**Work required**
An exact copy of the entries is required, excluding any pictures.

**Given data**
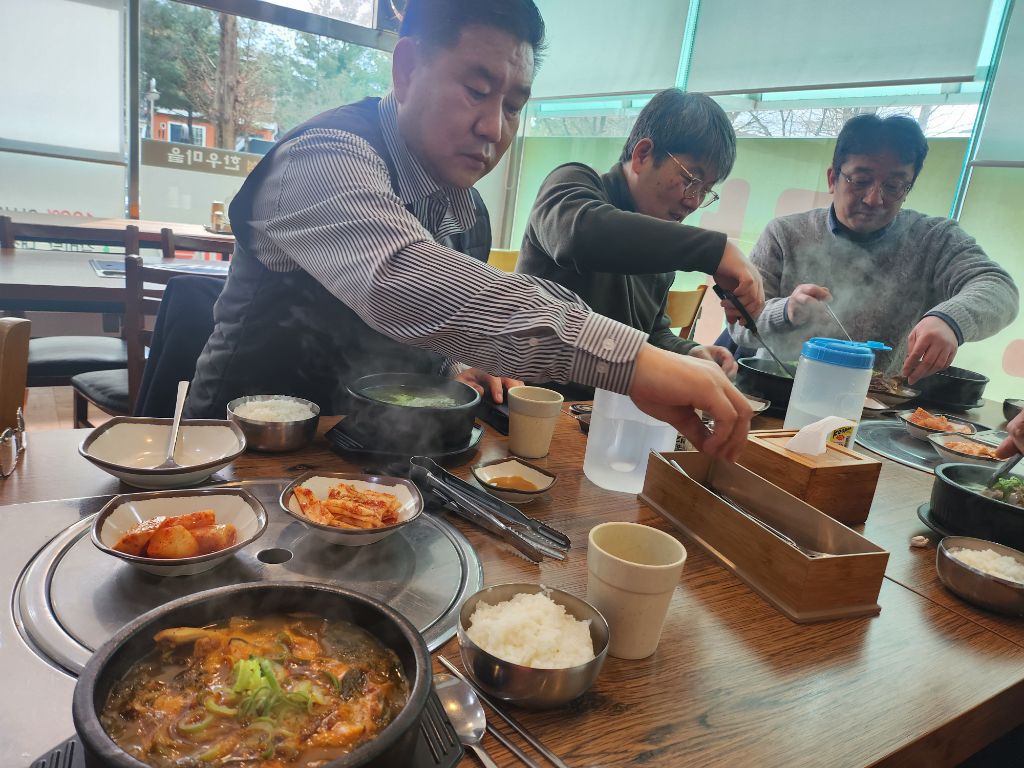 영마트 이미지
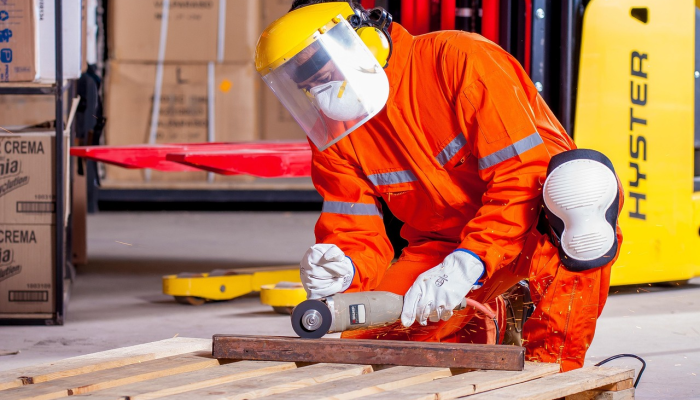 乐昌最新疫情公布:安全与健康,我们共同守护 乐昌最新疫情公布:安全与健康,我们共同守护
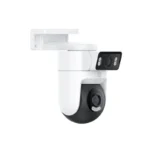 Xiaomi Outdoor Camera CW500 Dual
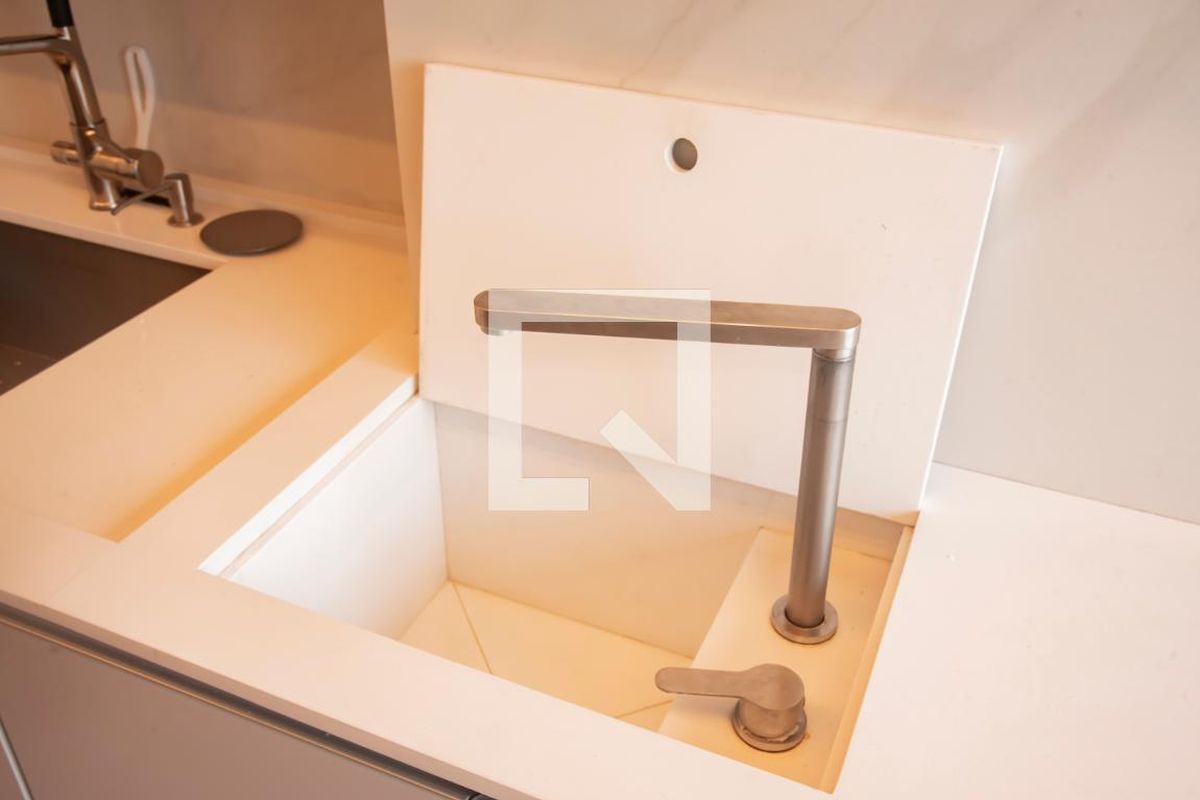 Apartamento, 2 quartos, 70 m² - Foto 85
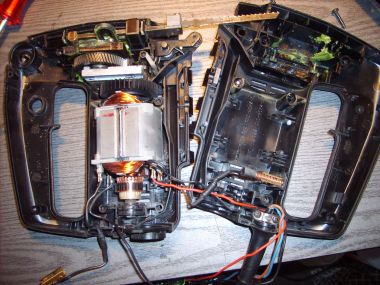 2351_S5001272_1.jpg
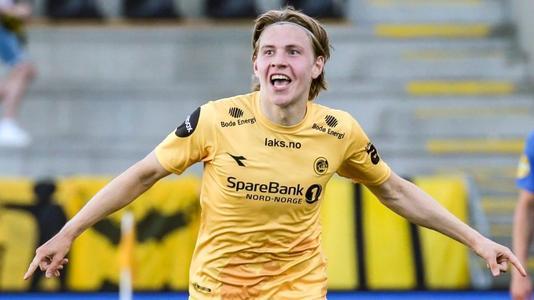 亚预赛战报：马巴舒耶夫梅开二度，塔吉克斯坦5-0东帝汶（亚预赛：马巴舒耶夫双响，塔吉克斯坦5-0完胜东帝汶）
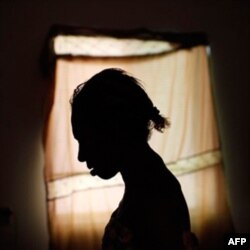 Kasallik yosh va jins tanlamaydi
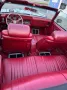 Pontiac GTO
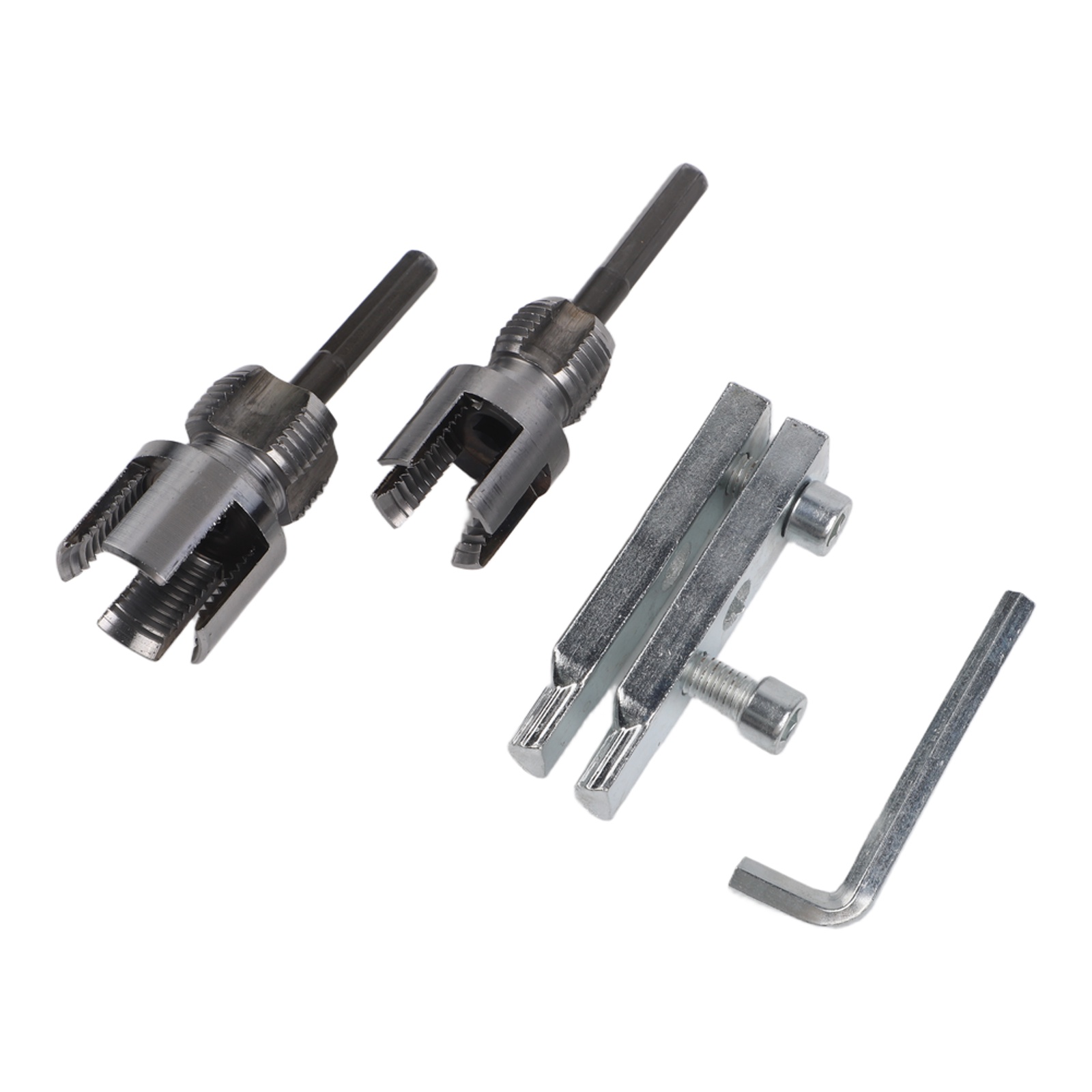 For DIY Enthusiasts 1 2 Inch P - Power Tools Plumbing のレビューと価格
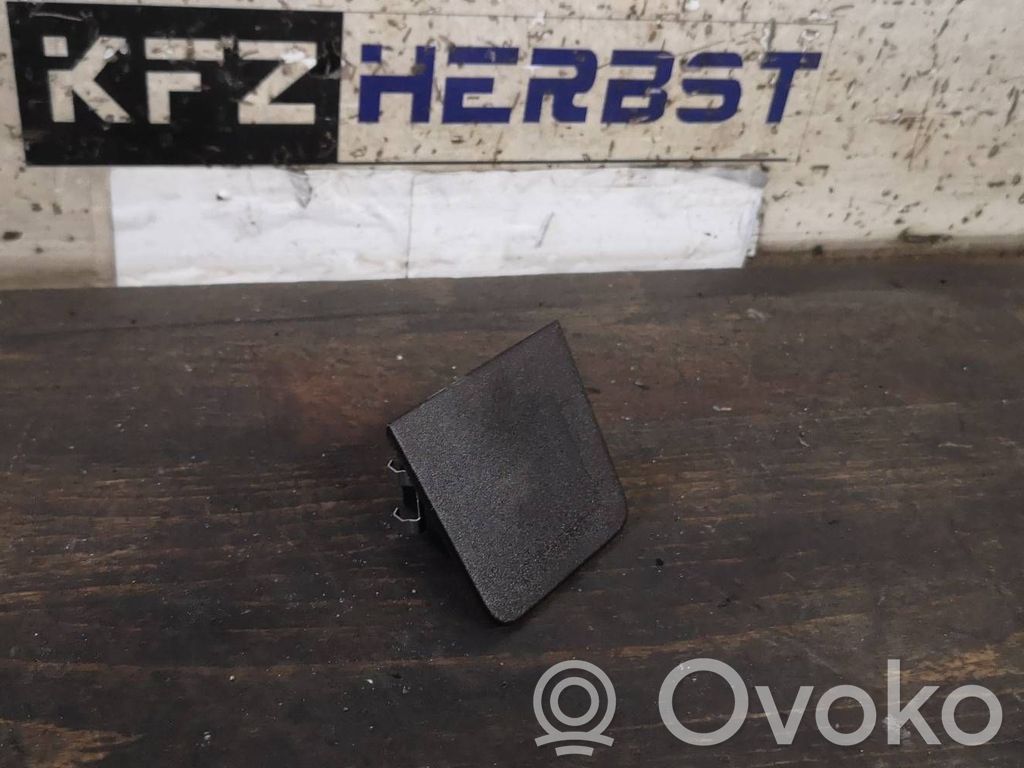 Skoda Fabia Mk3 (NJ) Lichtsensor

**Result**
 영마트 이미지
 乐昌最新疫情公布:安全与健康,我们共同守护 乐昌最新疫情公布:安全与健康,我们共同守护
 Xiaomi Outdoor Camera CW500 Dual
 Apartamento, 2 quartos, 70 m² - Foto 85
 2351_S5001272_1.jpg
 亚预赛战报：马巴舒耶夫梅开二度，塔吉克斯坦5-0东帝汶（亚预赛：马巴舒耶夫双响，塔吉克斯坦5-0完胜东帝汶）
 Kasallik yosh va jins tanlamaydi
 Pontiac GTO
 For DIY Enthusiasts 1 2 Inch P - Power Tools Plumbing のレビューと価格
 Skoda Fabia Mk3 (NJ) Lichtsensor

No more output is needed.